Acoustic processing for convoluting sound transfer characteristics according to the positional relationship between each of the users in the virtual space with respect to the acoustic signal obtained by collecting sound in the space where each of the users co-starring is present. Department and
An information processing apparatus comprising: an output control unit that outputs a sound based on a signal generated by the acoustic processing from an output device used by each of the users.
The acoustic processing unit performs the acoustic processing using the transfer characteristics according to the positional relationship between the position of the user and the positions of the other users, and collects sound in each space where the other users are present. The information processing apparatus according to claim 1, wherein the processing is performed on the obtained acoustic signal.
The acoustic processing unit performs the transmission that expresses the characteristics of the reflected sound of the sound whose sound source position is the position of the user in the virtual space, with respect to the acoustic signal obtained by collecting sound in the space where the user is present. The information processing apparatus according to claim 1, wherein said acoustic processing using characteristics is performed.
The information processing device according to claim 1, wherein the transfer characteristic is BRIR.
a receiving unit that receives the acoustic signal transmitted from an external control device that controls transmission of the acoustic signal;
a correction unit that corrects the transfer characteristic based on the delay time of transmission of the acoustic signal,
The information processing apparatus according to claim 1, wherein the acoustic processing section performs the acoustic processing using the corrected transfer characteristics.
The acoustic processing unit performs position determination based on the positions of the plurality of users in the virtual space with respect to the acoustic signal obtained by collecting sounds in a space where the group of the plurality of users exists.

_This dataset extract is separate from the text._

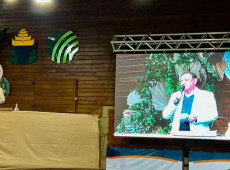 Na abertura, o presidente do Sistema Faesc/Senar, José Zeferino Pedrozo, ressaltou a relevância da feira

The information processing apparatus according to claim 1 , wherein the acoustic processing is performed using the transfer characteristic corresponding to .
a receiving unit that receives the acoustic signal obtained by collecting sound in the space where each of the users is;
2. The transmission unit according to claim 1, further comprising: a transmission unit configured to transmit a signal generated by the acoustic processing of the received acoustic signal to a device used by each of the users and to which the output device is connected. Information processing equipment.
The information processing apparatus according to claim 7, further comprising a recording control section that causes a recording device to record the acoustic signals collected in the space where each of the plurality of users is present.
The information processing apparatus according to claim 8, wherein the acoustic processing section performs the acoustic processing on the acoustic signal recorded in the recording device.
The information processing apparatus according to claim 1, wherein the acoustic processing section performs the acoustic processing on the acoustic signals representing performance sounds of the plurality of users.
The information processing apparatus according to claim 10, wherein the virtual space is an acoustic space designed assuming a hall in which an ensemble is performed.
The information processing device
Acoustic processing for convoluting sound transfer characteristics according to the positional relationship between each of the users in the virtual space on the acoustic signal obtained by collecting sound in the space where each of the multiple users co-starring is present,
An information processing method, wherein a sound based on a signal generated by the acoustic processing is output from an output device used by each of the users.
to the computer,
Acoustic processing for convoluting sound transfer characteristics according to the positional relationship between each of the users in the virtual space on the acoustic signal obtained by collecting sound in the space where each of the multiple users co-starring is present,
A program for executing a process of outputting a sound based on a signal generated by the acoustic processing from an output device used by each of the users.